New pharmacological agent reduces need for septal reduction therapy in patients with symptomatic obstructive hypertrophic cardiomyopathy (HCM), according to new trial discussed at the 2022 American College of Cardiology Annual Scientific Session (ACC22).
HCM is a myocardial disease characterized by hypercontractility, dynamic left ventricular outflow tract (LVOT) obstruction and diastolic abnormalities due to underlying increased actin-myosin interactions.1 Current pharmacological therapies focus on symptom modification with beta blockers or calcium channel blockers but don’t target underlying pathophysiology; meanwhile, invasive interventions such as alcohol septal ablation and septal myomectomy carry inherent procedural risks.2,3 Thus, there remains a need for a disease-specific pharmacological agents for the treatment of symptomatic obstructive HCM.

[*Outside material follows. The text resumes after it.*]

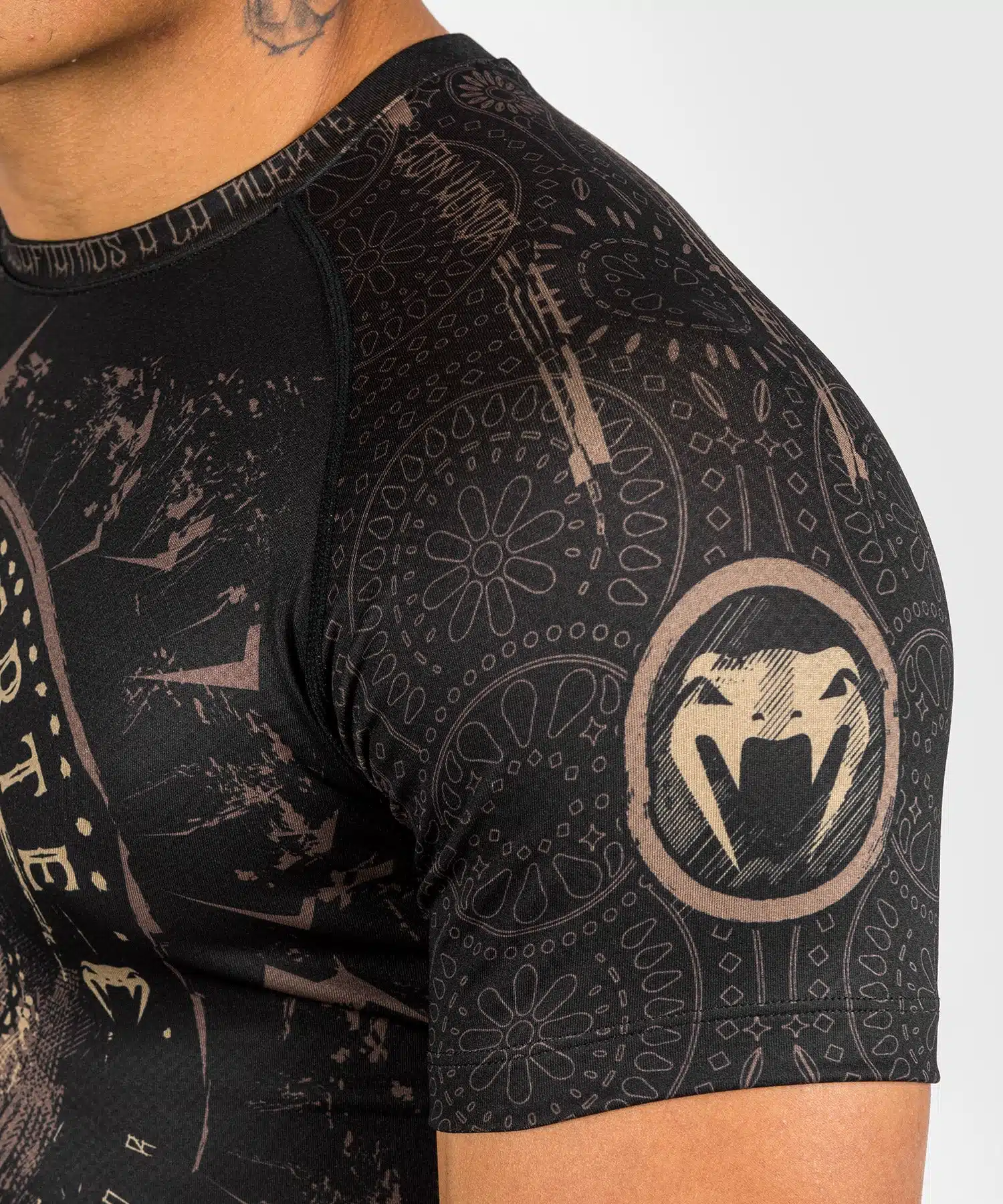 Venum short sleeve rashguard snata muerte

Dr. Milind Desai, Professor of Medicine and Director of the Center for Hypertrophic Cardiomyopathy at the Cleveland Clinic, revealed the riveting results of VALOR-HCM at ACC22. The trial studied the safety and efficacy of mavacamten in patients with symptomatic obstructive HCM on maximally tolerated medical therapy considering septal reduction therapy (SRT).4 Mavacamten, an allosteric cardiac myosin-inhibitor, reduces actin-myosin cross-bridge formation hence reducing excessive cardiac contractility, a hallmark of HCM.